Supplied material:
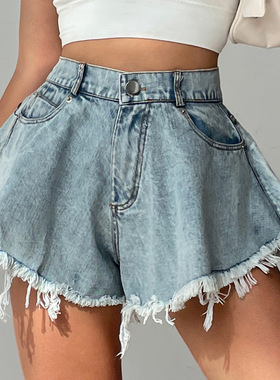2022 Ladies High Waist Loose Tassel Denim Shorts流苏牛仔短裤
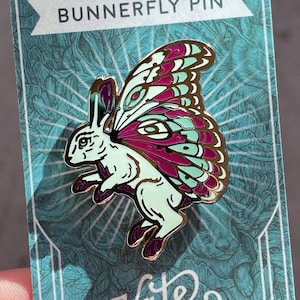 Bunnerfly Emaille Pin - Konijn Vlinder Pin - Hard Email - Nikkel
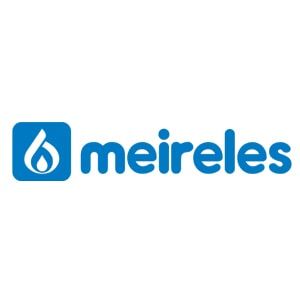 Logotipo da Meireles: quadrado azul com ícone de chama, seguido da palavra 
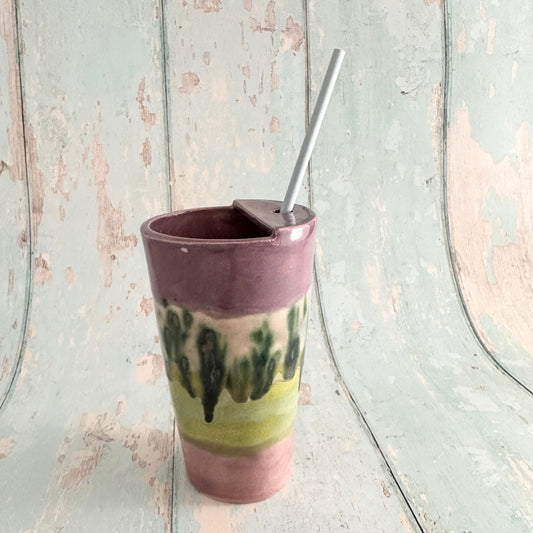 Purple and Green Straw-holder Tumbler, Large Ceramic Cup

What you should do: Strip out the pictures and repeat the listing above exactly.

Expected answer:
2022 Ladies High Waist Loose Tassel Denim Shorts流苏牛仔短裤
 Bunnerfly Emaille Pin - Konijn Vlinder Pin - Hard Email - Nikkel
 Logotipo da Meireles: quadrado azul com ícone de chama, seguido da palavra 
 Purple and Green Straw-holder Tumbler, Large Ceramic Cup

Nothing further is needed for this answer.